What to work on >> Please return the full listing exactly as written, with the images removed.

Recorded information >>

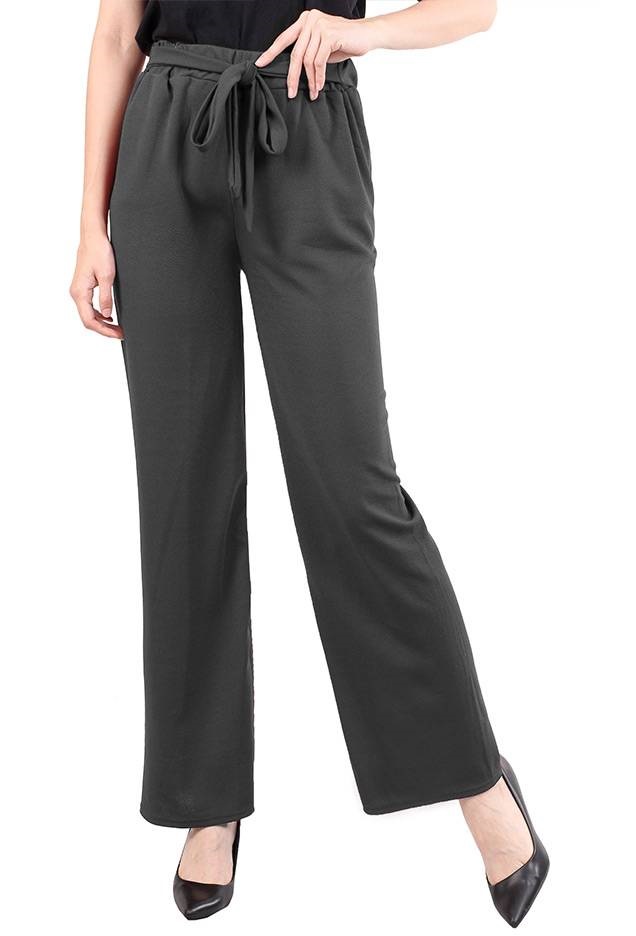 QA-709 WOMEN'S PANTS DARK GREY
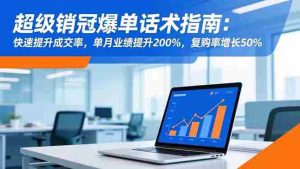 超级销冠爆单话术指南：快速提升成交率，单月业绩提升200%，复购率增长50%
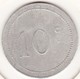 Algérie, Chambre De Commerce De Bone, 10 Centimes ND, Type 4 , Aluminium - Algeria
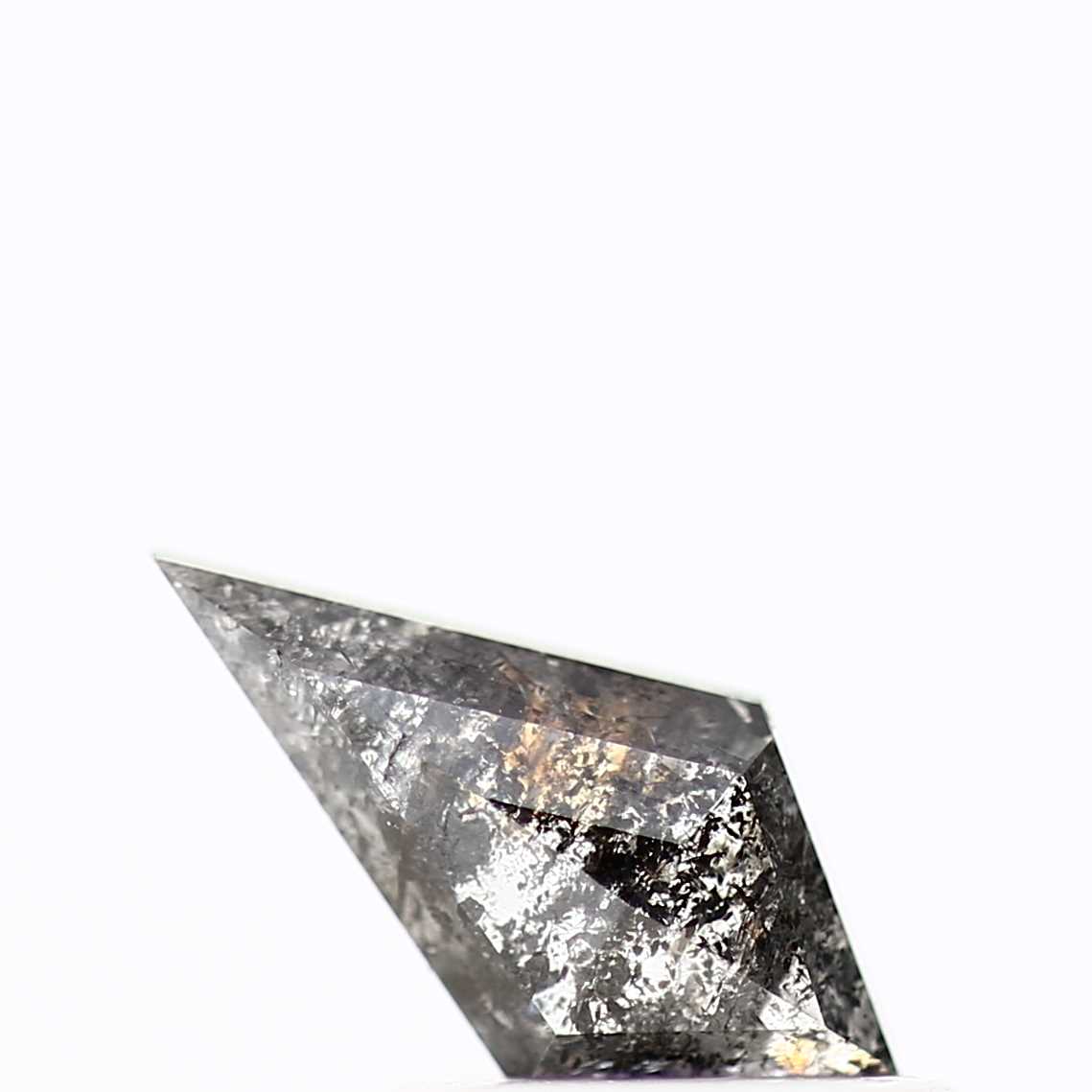 Salt and Pepper Diamond ! Fancy Gray Color Kite Diamond for Engagement Ring ! Natural Loose Diamond ! 0.49 Carat Unique Rare Diamond For Her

Final answer >>
 QA-709 WOMEN'S PANTS DARK GREY
 超级销冠爆单话术指南：快速提升成交率，单月业绩提升200%，复购率增长50%
 Algérie, Chambre De Commerce De Bone, 10 Centimes ND, Type 4 , Aluminium - Algeria
 Salt and Pepper Diamond ! Fancy Gray Color Kite Diamond for Engagement Ring ! Natural Loose Diamond ! 0.49 Carat Unique Rare Diamond For Her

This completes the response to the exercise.